A new proposal for the future of Pacific Lumber was unveiled yesterday by The Nature Conservancy, the Save-the-Redwoods League, Bank of America and other organizations, including a local group that includes environmental activists Mark Lovelace and David Simpson.
The consortium appears to be consulting with the holders of Pacific Lumber’s principal debtors, the owners of $730 million dollars worth of “Timber Bonds.” These bonds were issued back in 1998, when Palco parent company Maxxam reorganized the debt it had loaded onto the company in a leveraged buyout in the mid-’80s.
The bondholders are the biggest players in the Pacific Lumber Co. bankruptcy hearing underway in Corpus Christi, Texas. If the consortium that issued yesterday’s press release really does have the ear of the bondholders, their plan has a real shot.
It’s already gotten a lot of press. Here’s the Times-Standard, the SF Chronicle, the Santa Rosa Press-Democrat and the San Jose Mercury-News. I wrote about it for this week’s Journal.

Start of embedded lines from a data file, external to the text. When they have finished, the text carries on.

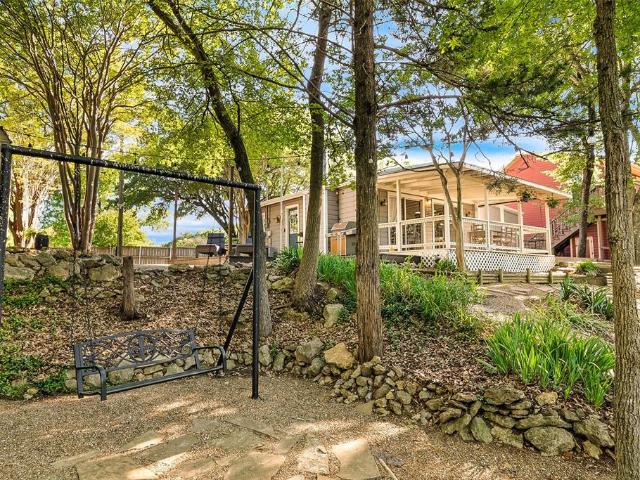House for sale in Pottsboro, Texas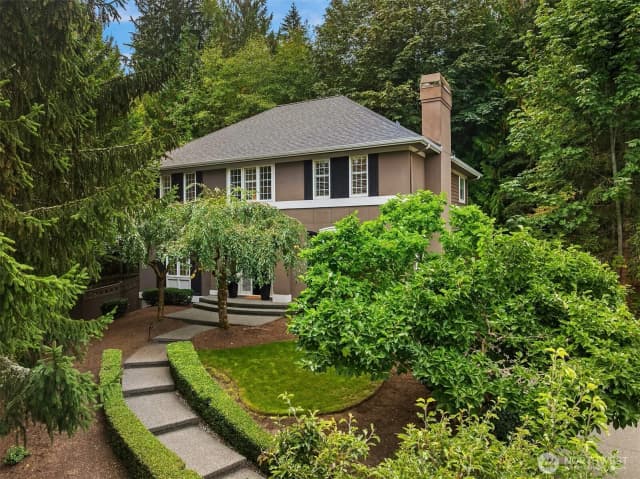 Property photo for 4963 162nd Place Se, Bellevue photo 2
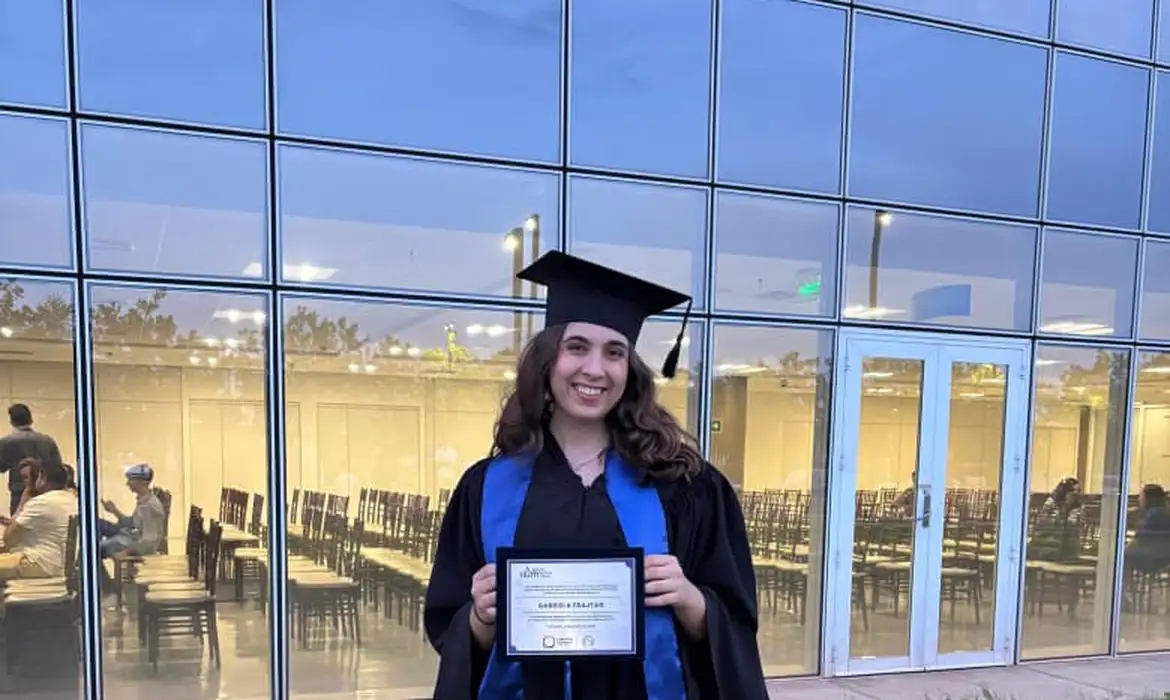 Brasileira Jovem é Premiada em Concurso de Biologia Quântica - Imagem do artigo original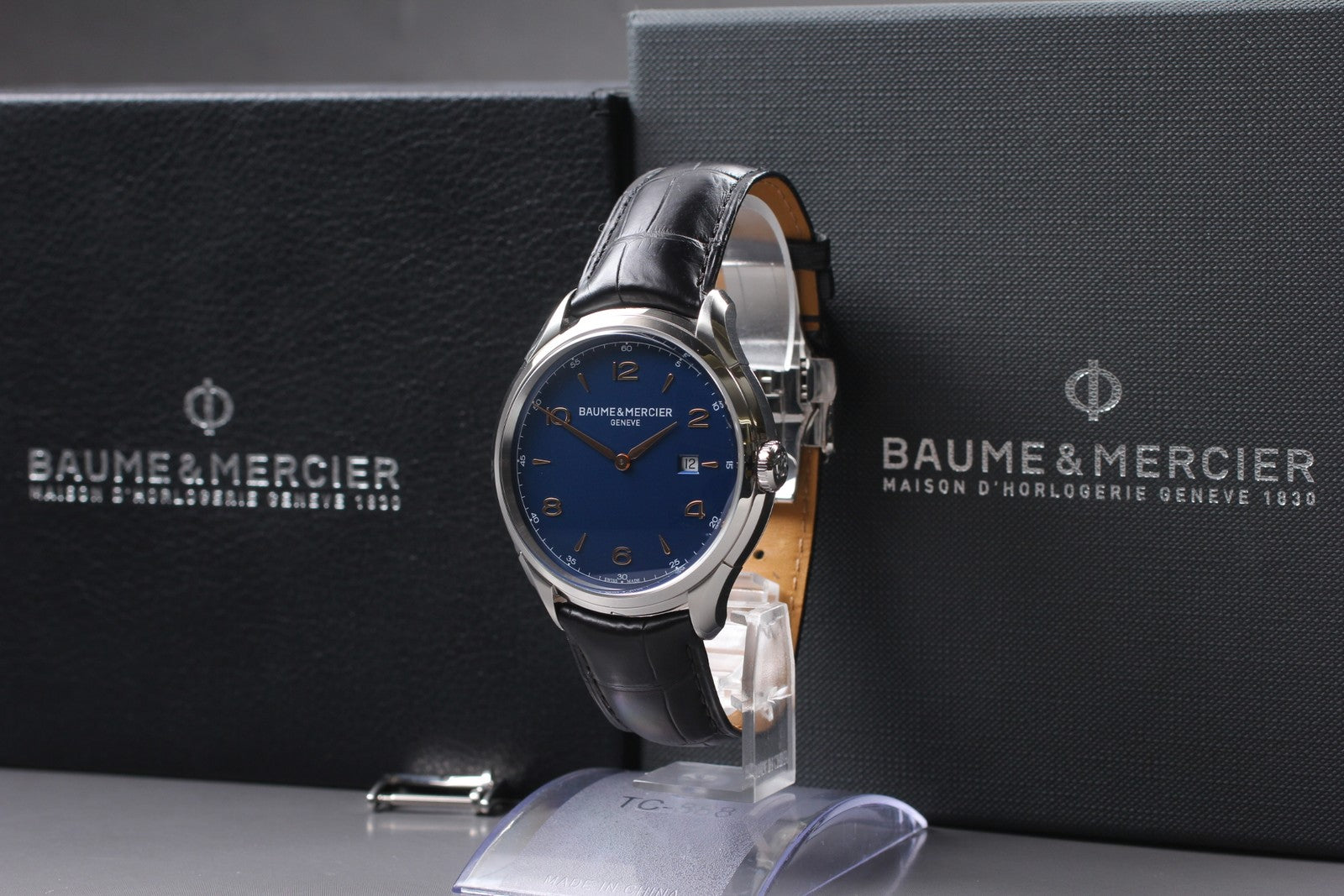 BAUME&MERCIER Clifton 65846 Quartz Blue Dial Men's Watch 45mm JAPAN Box
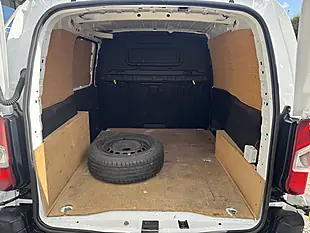 Used 2020 Citroen Berlingo Enterprise White - Interior and Exterior details 10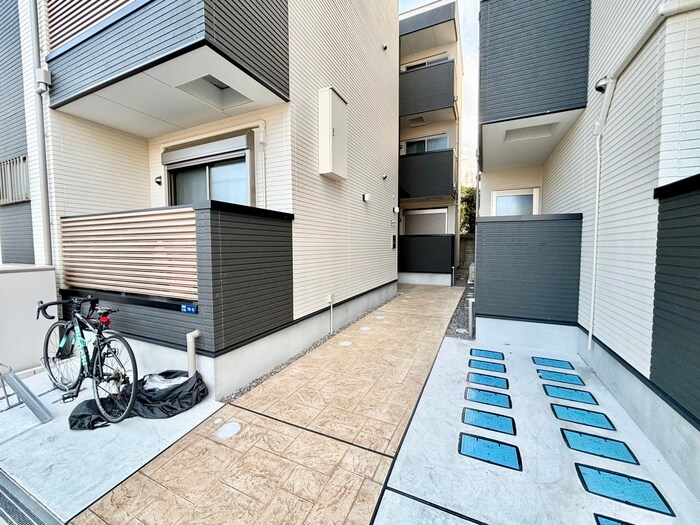 物件外観写真2　(エントランス部分)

In a nutshell, the plan calls for the conservation of some 12,000 acres of critical habitat, with the rest of Palco’s acreage left in sustainably managed timber production. Palco’s Scotia mill would stay in operation. But you can download the whole four-page press release here (.doc, contact information redacted.) It’s an outline, but it has a great deal of detail and background on each of the consortium members.
This article appears in Unlike Mike.

Think Hurwitz is a greedy f*%#*r. The Nature Conservancy is the leading property buying and selling corporation in the world. With a board made up of the top fortune 500 they love resource acquisitions. They give just enough to keep the choir happy. When the time comes they will chop,cut,spindle,dig or mutilate and yes baby it will all be for profit but in the name of protection. “There’s a sucker born every minute.”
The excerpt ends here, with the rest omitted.